Il supremo collegio di nomofilachia confuta così quello che finora si era rivelato come il prevalente orientamento giurisprudenziale, arroccato intorno alla circostanza che, neanche la cancellazione dall’albo di un procuratore poteva individuarsi come utile a determinare l’interruzione del processo, non essendo la suddetta cancellazione prevista nell’art. 301 c.p.c. tra gli eventi che producono tale effetto.

Il responso è destinato a svolgere effetti anche nel processo tributario; del resto, la pronuncia qui scrutinata si manifesta sostanzialmente conforme con quanto argomentato dallo stesso giudice di ultima istanza , e nell’ambito di una lite tributaria, con la sent. n. 19325/20111; con tale arresto si osservava, infatti, che la notificazione dell’atto di appello tributario presso lo studio dell’avvocato, domiciliatario del contribuente, cancellato dall’albo professionale, non è inesistente ma deve considerarsi piuttosto affetta da nullità, sanabile anche mediante la costituzione in giudizio della parte intimata, in quanto eseguita in un luogo avente un riferimento con il destinatario dell’atto.

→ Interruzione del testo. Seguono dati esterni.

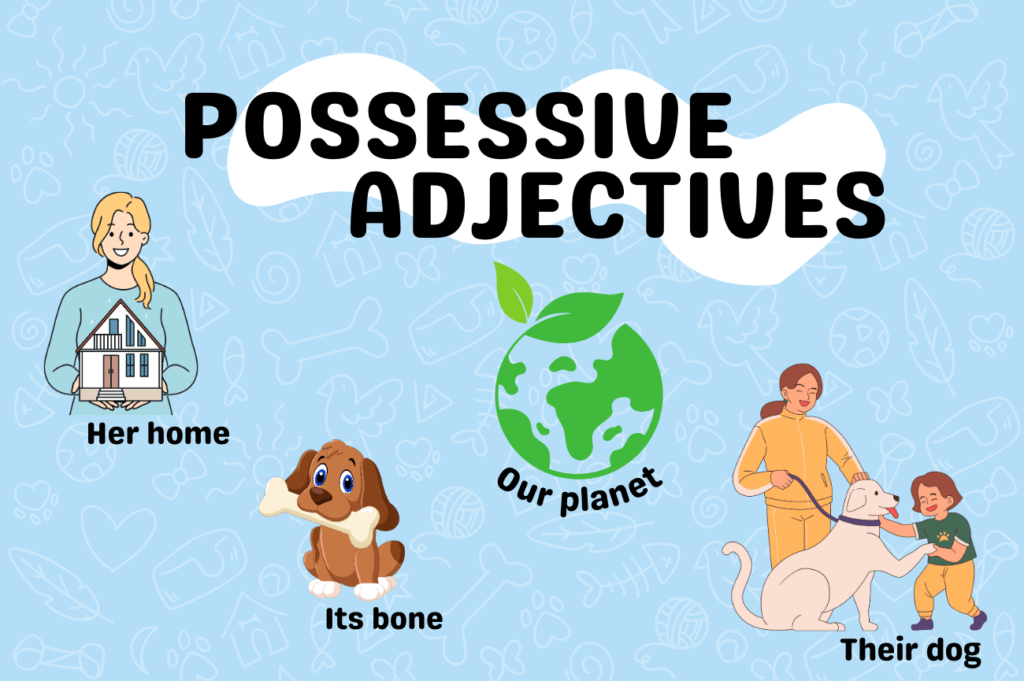 Possessive Adjectives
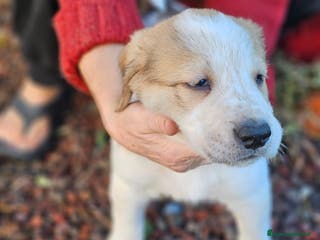 Meticcio cani Cuccioli - Annuncio 29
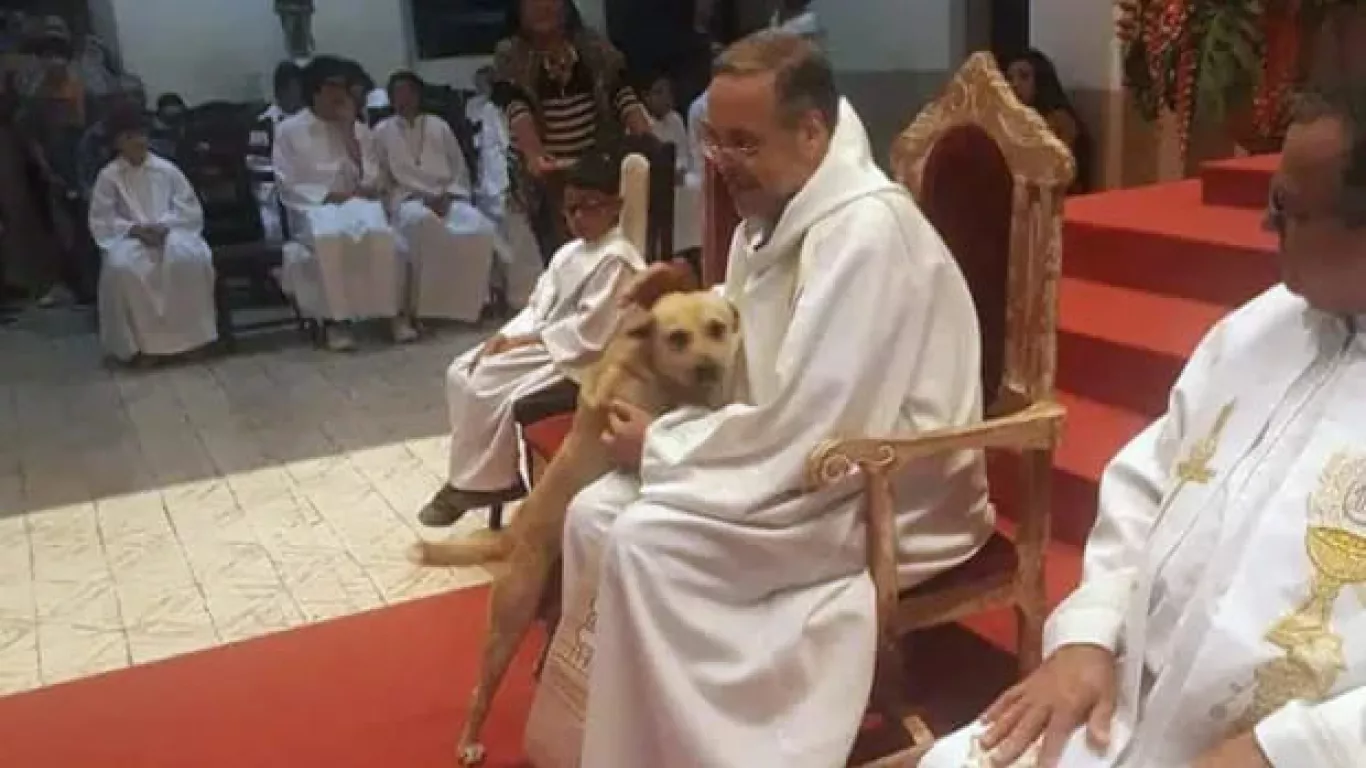 Sacerdote en Brasil impulsa adopción de perros callejeros en misa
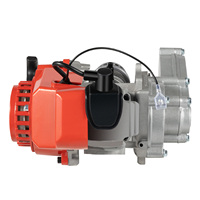 49CC 2 Stroke Engine Motor Single Cylinder Air-Cooled, Pull Start Gasoline Engine, for Pocket Bike Mini Dirt Bike ATV Scooter
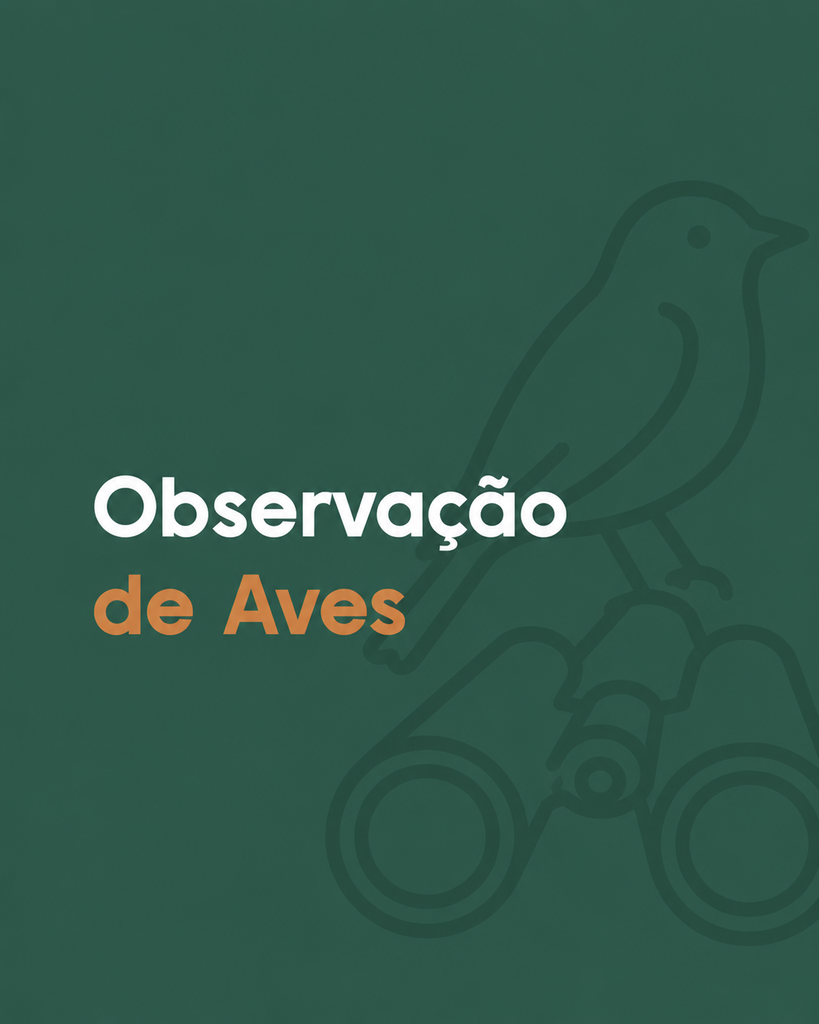 Observação de Aves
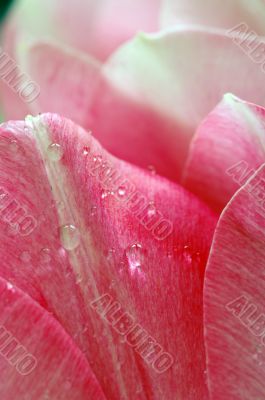 Lots of pink tulips`s petals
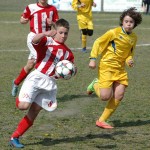 Kras Repen - Opicina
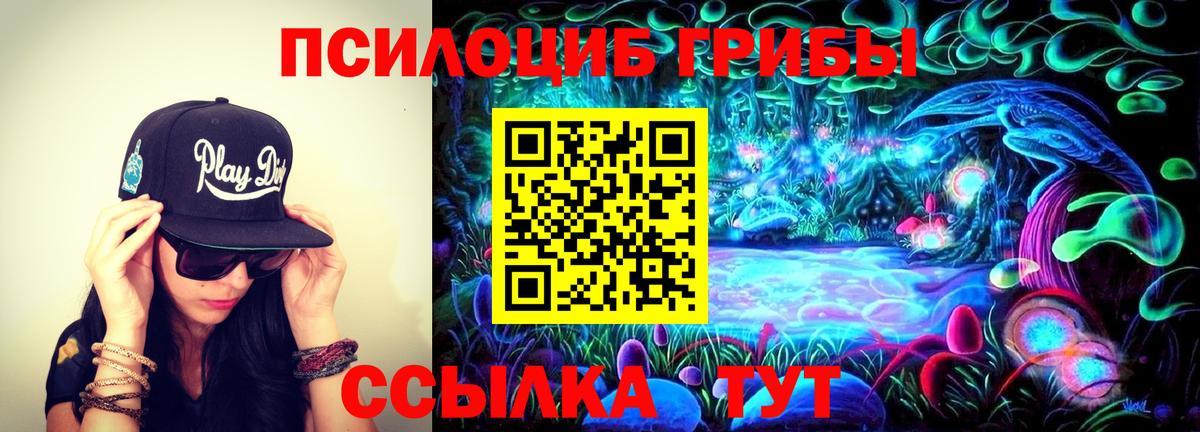 Сафоново  Галлюциногенные грибы Psilocybe  Вход с VPN  Псилоцибиновые грибы прущие грибы 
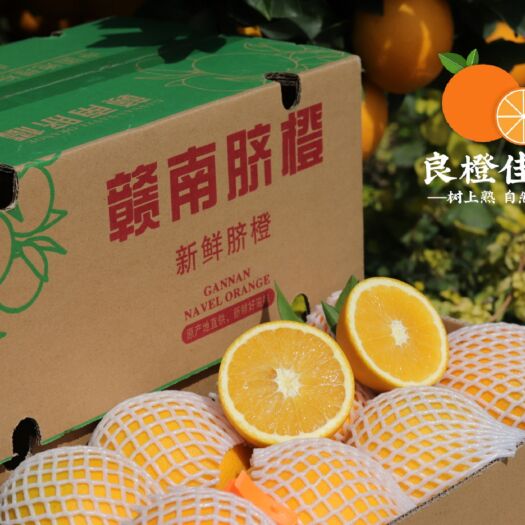 寻乌县赣南脐橙果园现摘现发精品大果农家种植寻乌脐橙
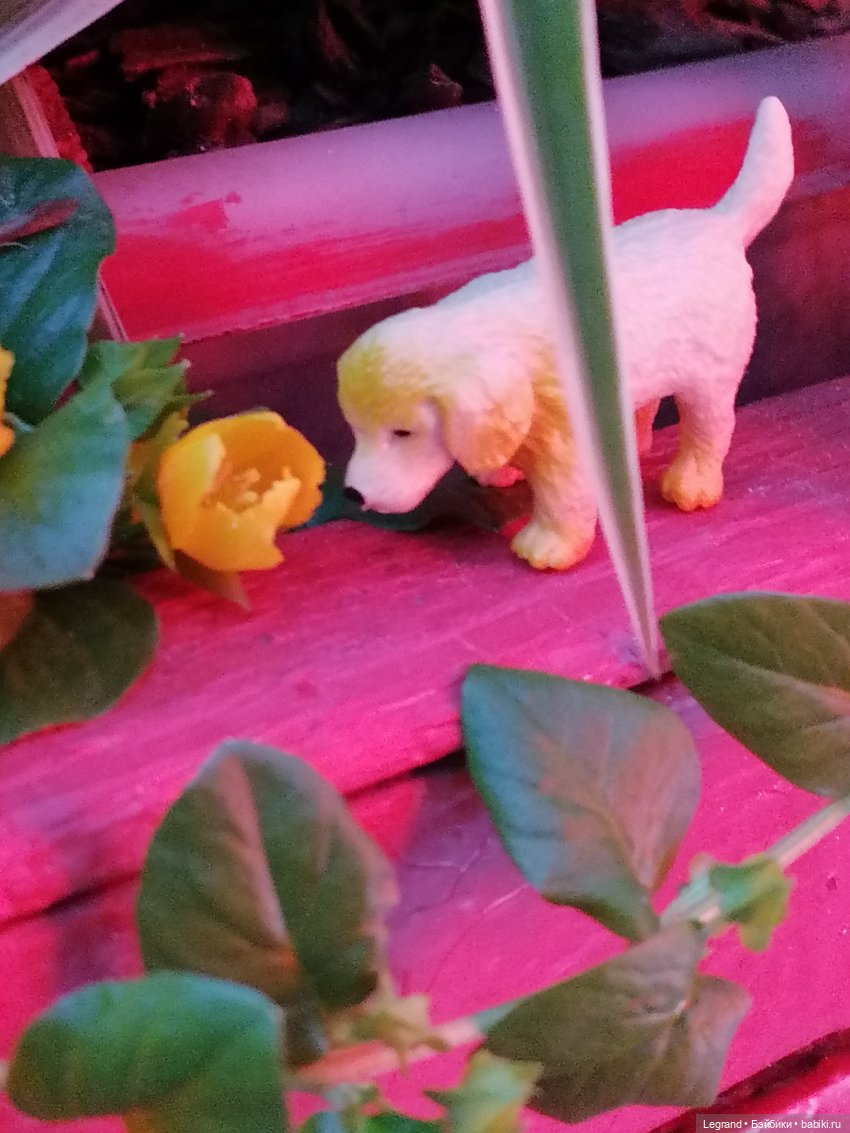 Санкт-Петербург: питомцы на Лиговском и в ТК "Невский Центр" (фото 8)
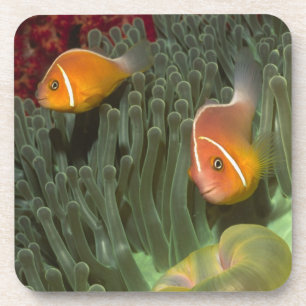 Pink Anemonefish in Magnificant Sea Anemone Coaster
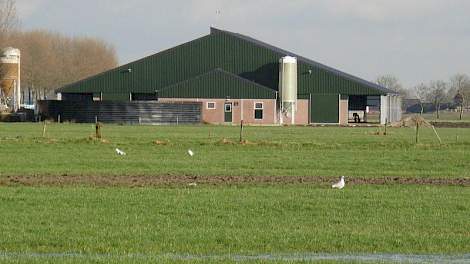 Westerlaken koos voor een 0+6+0 opstelling. Door de voergangen niet te onderkelderen kon hij goedkoper bouwen. Daarnaast vindt hij deze opstelling praktischer vanwege korte looplijnen.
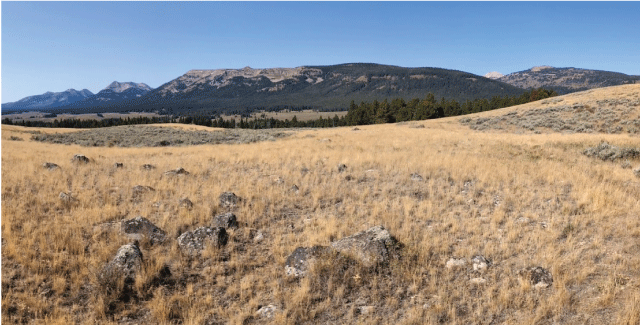 16. A brown grassy field with scattered boulders in the foreground and forested mountains
in the distance under a blue sky.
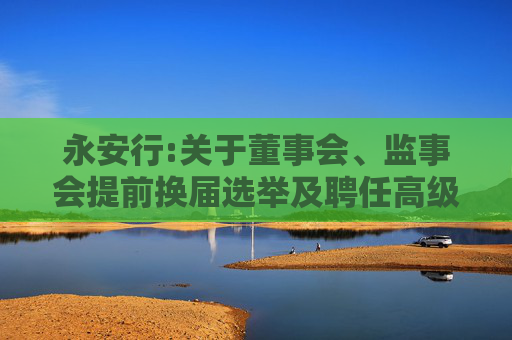 永安行:关于董事会、监事会提前换届选举及聘任高级管理人员的公告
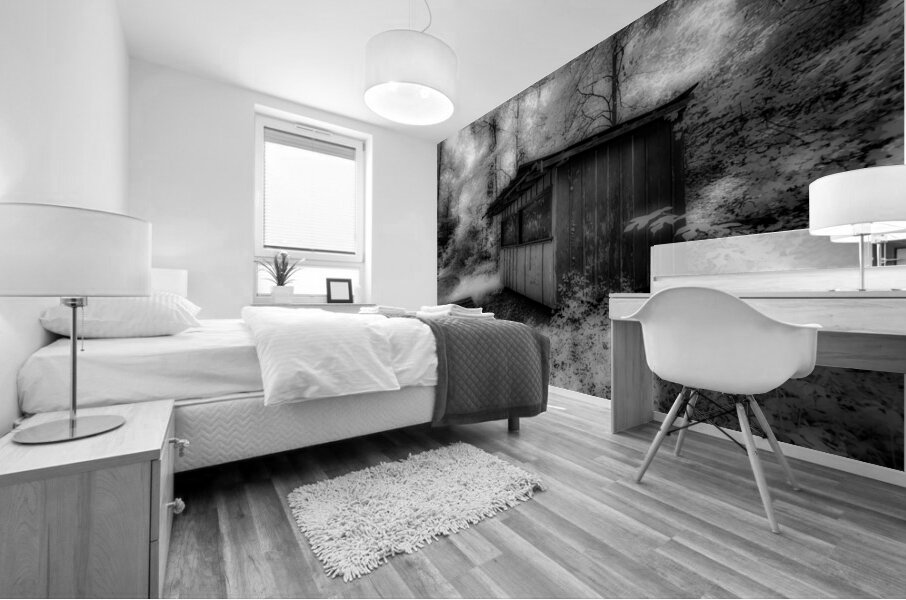 Tennessee Shed Mural print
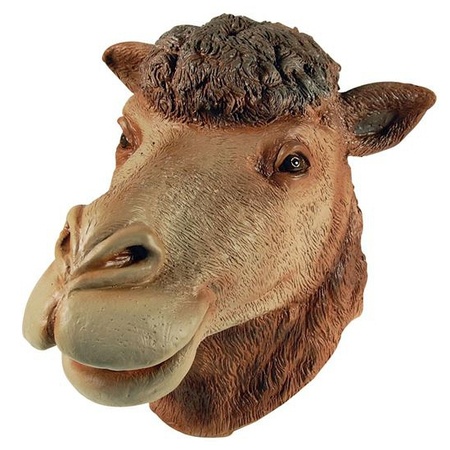 Verkleed masker kameel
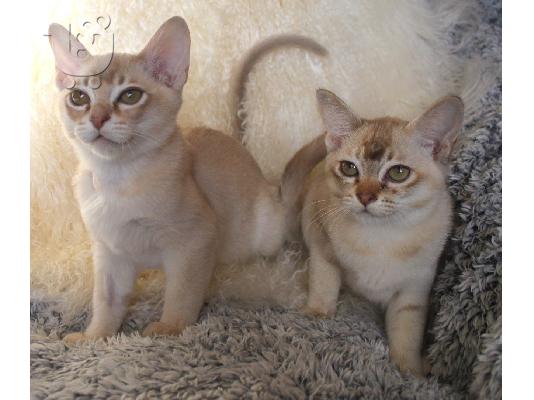 PoulaTo: ασιατικά γατάκια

Notoriamente si distingue il caso della cancellazione c.d. volontaria dall’albo, da quella che consegua ad un provvedimento autoritativo o sia conseguenza di una incompatibilità.

Anche in questo caso non vi è univocità di pensiero da parte della giurisprudenza di legittimità. Nel 2012, i giudici di piazza Cavour (scrutinando appunto il tema della cancellazione del difensore dall’albo professionale per motivi disciplinari e delle conseguenze sul procedimento in corso) concludeva a favore dell’interruzione automatica del processo a far data dal provvedimento di cancellazione disciplinare, analogamente alle ipotesi di radiazione e sospensione del difensore ai sensi dell’art. 301 c.p.c. (Cass. civ. Sez. III, 31 gennaio 2012, n. 1355).

Detto verdetto si collocava in quello che appare l’indirizzo maggioritario (ex plurimis Cass. Civ., 17 dicembre 2010, n. 25641 tra i due ulteriori fronti giurisprudenziali accennati) e che concentra la propria conclusione sul fatto che la cancellazione del difensore dall’albo professionale per motivi disciplinari (e quindi non volontaria) è figura assimilabile alla radiazione e sospensione e, come tale, riconducibile anch’essa, in virtù di un’interpretazione estensiva, agli eventi interruttivi di cui all’art. 301 c.p.c..

L’altro orientamento, quello praticamente minoritario (Cass., 11 dicembre 1950, n. 2708, in Mass. Giur. It., 1950, 654), invece, si appella alla tassatività delle cause di interruzione, nega efficacia interruttiva alla cancellazione del difensore dall’albo professionale ancorché non dipesa da motivi volontari.